Leitsatz (amtlich)
Zur Auslegung einer für den Fall des „gleichzeitigen Versterbens” der Eheleute in einem gemeinschaftlichen Testament verfügten Erbeinsetzung und zur Frage, ob in diesen Worten eine Andeutung dafür gefunden werden kann, dass die Erbeinsetzung auch für den Fall des Nacheinanderversterbens gemeint sein sollte.
Verfahrensgang
LG Memmingen (Beschluss vom 30.09.2002; Aktenzeichen 4 T 797/02) |
AG Neu-Ulm (Aktenzeichen VI 369/01) |
Tenor
I. Die weitere Beschwerde der Beteiligten zu 3 und 4 gegen den Beschluss des LG Memmingen vom 30.9.2002 wird zurückgewiesen.
II. Die Beteiligten zu 3 und 4 haben den Beteiligten zu 1) und 2) die diesen im Verfahren der weiteren Beschwerde entstandenen Kosten zu erstatten.
III. Der Geschäftswert für das Verfahren der weiteren Beschwerde wird auf 78.000 Euro festgesetzt.
IV. Der Geschäftswert für das Beschwerdeverfahren wird – in Abänderung von Nr. II des Beschlusses des LG Memmingen vom 30.9.2002 – auf 78.000 Euro festgesetzt.
Gründe
I. Die am 12.12.2001 im Alter von 88 Jahren verstorbene Erblasserin war verwitwet; sie hatte keine Kinder. Die Beteiligten zu 3 und 4 sind die 1935 bzw. 1948 geborenen Kinder ihres 1997 verstorbenen Ehemannes aus dessen erster Ehe. Der Nachlass besteht aus Bankguthaben im Wert von ca. 94.000 Euro.
Die Eheleute haben am 18.11.1993 ein gemeinschaftliches
Testament in der Weise errichtet, dass die Erblasserin den von ihrem Ehemann geschriebenen und unterschriebenen Text mitunterzeichnete.

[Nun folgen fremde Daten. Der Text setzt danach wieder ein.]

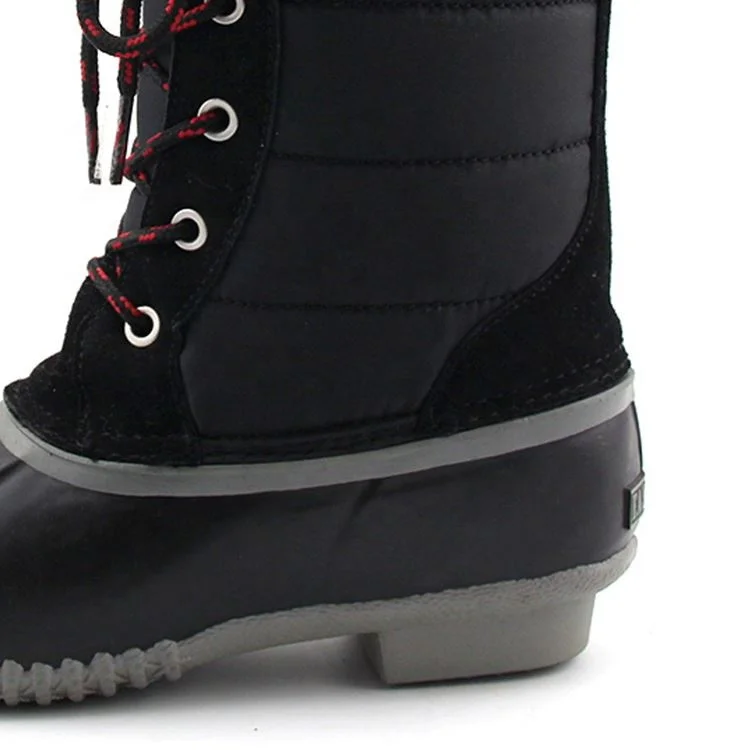 Lapps Thick Plush Soled Warm Ankle Outdoor Waterproof Quality Woman Knee High Wemens Winter Boots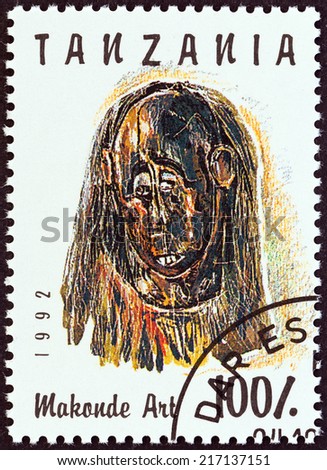 TANZANIA - CIRCA 1992: A stamp printed in Tanzania from the \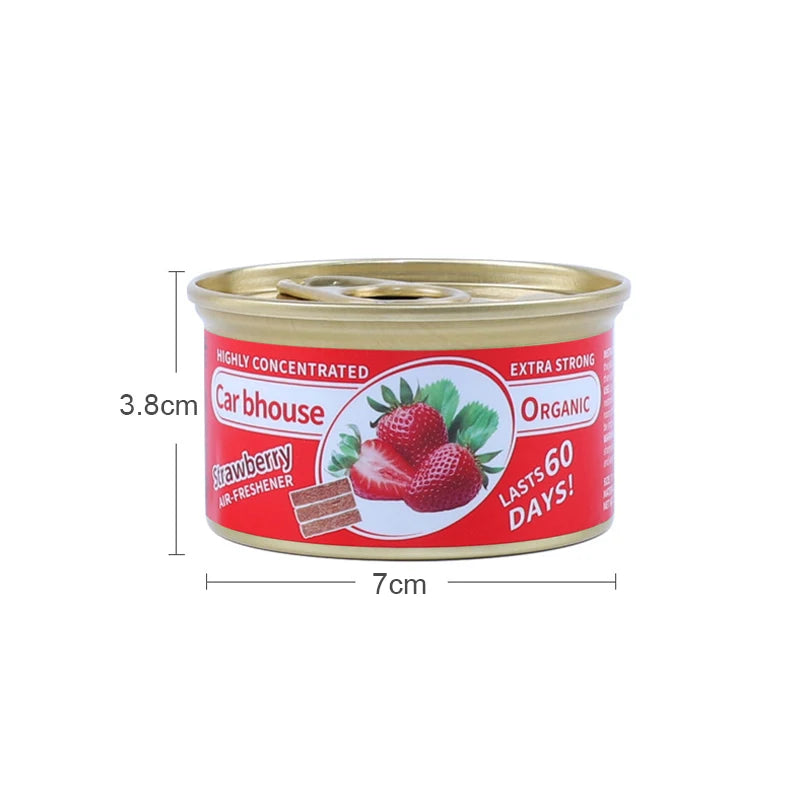 Car Air Fresheners Perfume Canned Wood Blocks Coffee Flavor Long-Lasting Auto Aromatherapy Car Deodorant Supplies Accessories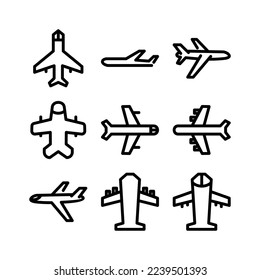 airplane icon or logo isolated sign symbol vector illustration - Collection of high quality black style vector icons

Dieser lautet:
„Unser Testament
1. Wir die Eheleute … setzen uns gegenseitig als Erben ein.
2. Sollten wir beide gleichzeitig sterben, erben Sohn … (Beteiligter zu 3) und Tochter … (Beteiligte zu 4) vorhandenes Bargeld und das auf Konten befindliche Geld – nach Abzug der Beerdigungskosten und sonstiger Kosten – zu gleichen Teilen.”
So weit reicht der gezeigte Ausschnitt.